This situation repeats the powerful dynamic that destabilised and eventually ended the global British empire. Various forms of settler populism mobilised ‘the British people’ to usurp a corrupt state. Explaining Brexit as a function of a widely held ‘nostalgia for empire’ might risk ignoring the complex network of factors that contribute to memories of empire. After the empire has ended, this dynamic of populist power results in profound new fissures in the continuing – unfinished – story of England’s contraction as a nation.
This event was held on Monday 10 September at The University of Sydney.
Bill Schwarz is Professor of English at Queen Mary University of London.
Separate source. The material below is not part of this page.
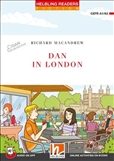 Helbling Red Reader: Dan in London Book with Media App...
He is General Editor, with Catherine Hall, of the Duke University Press series, The Writings of Stuart Hall, and he has recently prepared for publication Hall’s memoir, Familiar Stranger. A Life Between Two Islands. His research focuses on decolonisation and postcolonial history. He is currently writing a three-volume history entitled Memories of Empire. The first volume, The White Man’s World, won the Longman-History Today prize for 2013. For many years he has been an editor of the world-renowned History Workshop Journal.
The J.M Ward Lecture honours the late John Manning Ward AO. Professor Ward was a distinguished historian, serving as Challis Professor of History from 1948 to 1979 and as Vice-Chancellor of the University of Sydney from 1981 to 1990.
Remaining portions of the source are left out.